=== DATASET RECORDS ===
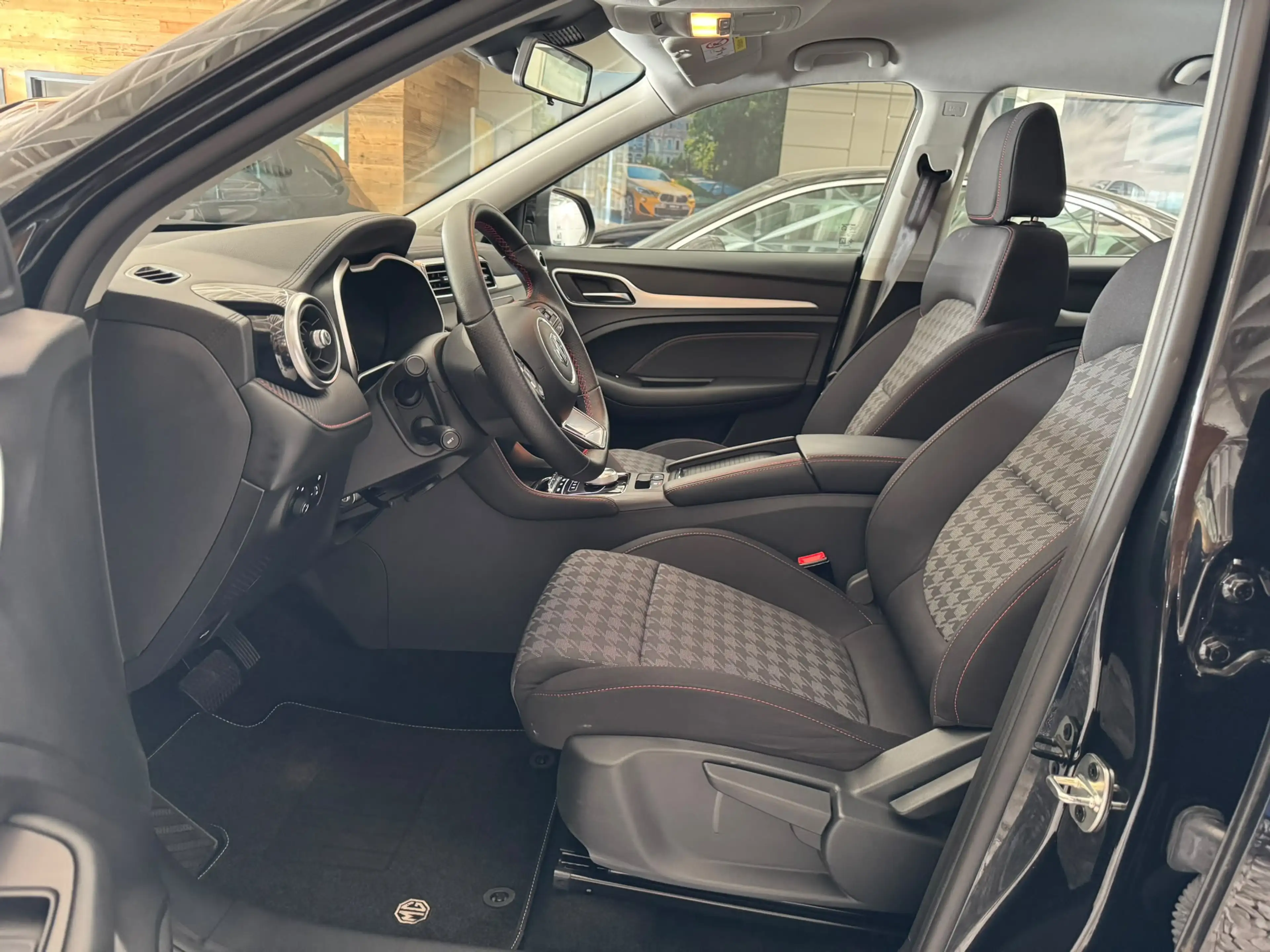 MG ZS Comfort Kam Keyless LED Navi SitzHz — photo 7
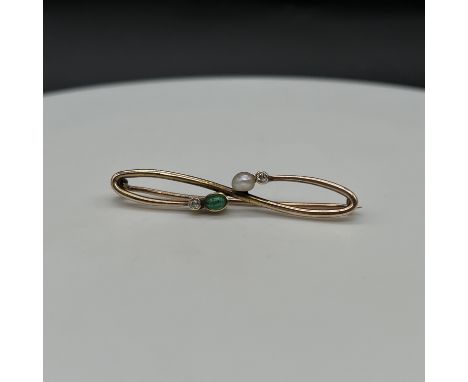 A Victorian cabochon emerald and cushion cut diamonds and pearl brroch,
set in gold unhallmarked,
size 60mm x 7mm,
weight is 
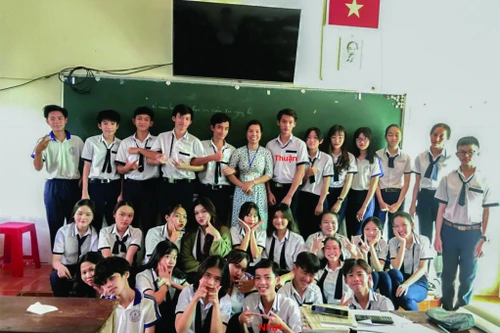 Đôi bạn trường quê "mở" chợ online và mơ ước làm thương mại điện tử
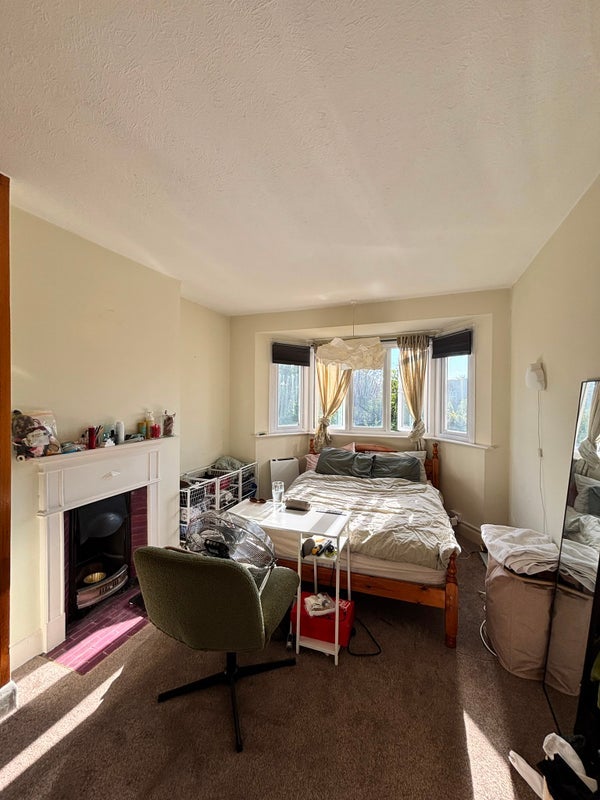 Room Sutherland Grove in Greater London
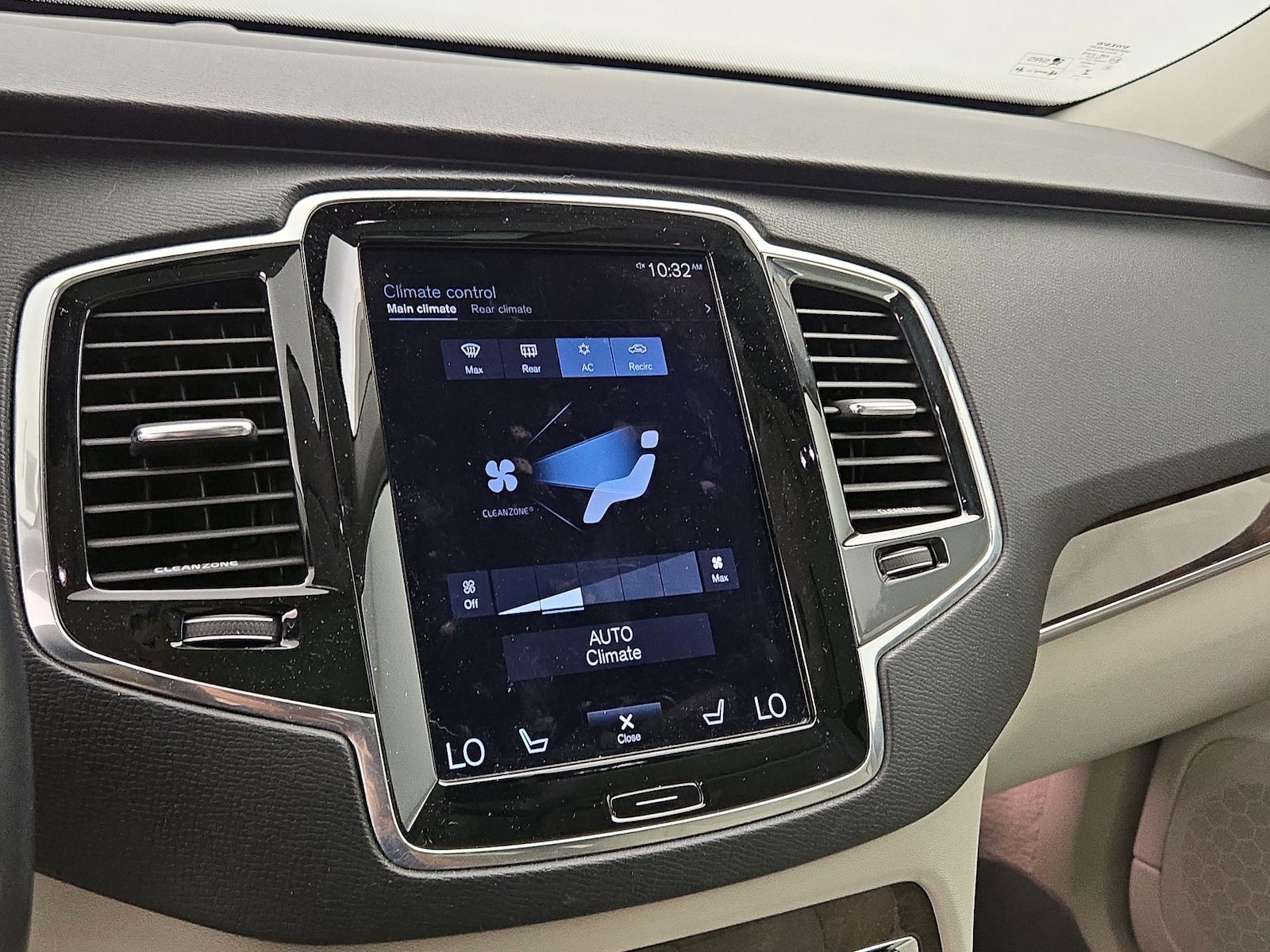 2016 Volvo XC90 Momentum - Photo 18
===
__WHAT IS BEING ASKED__
Return the data above in its exact wording, with none of the pictures.

__SOLUTION__
 MG ZS Comfort Kam Keyless LED Navi SitzHz — photo 7
 A Victorian cabochon emerald and cushion cut diamonds and pearl brroch,
set in gold unhallmarked,
size 60mm x 7mm,
weight is 
 Đôi bạn trường quê "mở" chợ online và mơ ước làm thương mại điện tử
 Room Sutherland Grove in Greater London
 2016 Volvo XC90 Momentum - Photo 18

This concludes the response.